■ **Description of the task**
Bring together all lines of the material below that contain the string "Samsung".

■ **Record extracts**
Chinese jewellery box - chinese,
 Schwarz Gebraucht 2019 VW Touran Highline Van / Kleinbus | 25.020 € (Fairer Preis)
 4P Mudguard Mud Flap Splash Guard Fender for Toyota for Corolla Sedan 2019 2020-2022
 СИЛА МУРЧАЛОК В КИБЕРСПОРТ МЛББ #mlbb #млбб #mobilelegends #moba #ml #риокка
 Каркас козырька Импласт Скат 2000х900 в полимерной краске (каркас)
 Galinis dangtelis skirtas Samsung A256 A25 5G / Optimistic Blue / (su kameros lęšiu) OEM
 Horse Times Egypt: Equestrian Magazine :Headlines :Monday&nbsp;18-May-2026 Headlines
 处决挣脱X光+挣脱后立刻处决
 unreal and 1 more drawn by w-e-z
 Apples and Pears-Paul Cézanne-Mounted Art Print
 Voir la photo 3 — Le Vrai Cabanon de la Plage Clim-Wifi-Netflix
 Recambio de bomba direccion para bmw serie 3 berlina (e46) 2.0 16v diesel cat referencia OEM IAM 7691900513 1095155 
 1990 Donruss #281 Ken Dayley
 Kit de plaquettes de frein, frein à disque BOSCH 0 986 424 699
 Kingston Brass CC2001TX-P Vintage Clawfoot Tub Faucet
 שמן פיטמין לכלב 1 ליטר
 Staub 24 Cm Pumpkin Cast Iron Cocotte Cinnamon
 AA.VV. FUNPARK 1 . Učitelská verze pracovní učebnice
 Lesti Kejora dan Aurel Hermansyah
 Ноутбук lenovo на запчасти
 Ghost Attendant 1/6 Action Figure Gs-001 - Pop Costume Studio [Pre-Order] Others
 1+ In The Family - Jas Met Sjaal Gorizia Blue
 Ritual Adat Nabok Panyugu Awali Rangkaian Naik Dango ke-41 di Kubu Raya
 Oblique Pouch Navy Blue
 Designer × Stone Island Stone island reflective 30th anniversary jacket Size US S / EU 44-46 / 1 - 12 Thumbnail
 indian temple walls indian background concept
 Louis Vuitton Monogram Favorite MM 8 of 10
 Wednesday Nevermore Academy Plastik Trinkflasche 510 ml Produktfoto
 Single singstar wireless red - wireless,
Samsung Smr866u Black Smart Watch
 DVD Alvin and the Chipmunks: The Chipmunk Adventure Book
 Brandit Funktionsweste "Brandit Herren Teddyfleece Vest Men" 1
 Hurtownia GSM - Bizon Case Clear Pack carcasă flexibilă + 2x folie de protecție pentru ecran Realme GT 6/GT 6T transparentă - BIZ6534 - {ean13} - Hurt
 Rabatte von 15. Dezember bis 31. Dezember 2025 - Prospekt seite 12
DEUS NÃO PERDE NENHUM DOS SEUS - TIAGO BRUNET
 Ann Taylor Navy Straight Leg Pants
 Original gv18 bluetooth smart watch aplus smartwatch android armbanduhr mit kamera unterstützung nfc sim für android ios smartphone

■ **Reply to the task**
 Galinis dangtelis skirtas Samsung A256 A25 5G / Optimistic Blue / (su kameros lęšiu) OEM
Samsung Smr866u Black Smart Watch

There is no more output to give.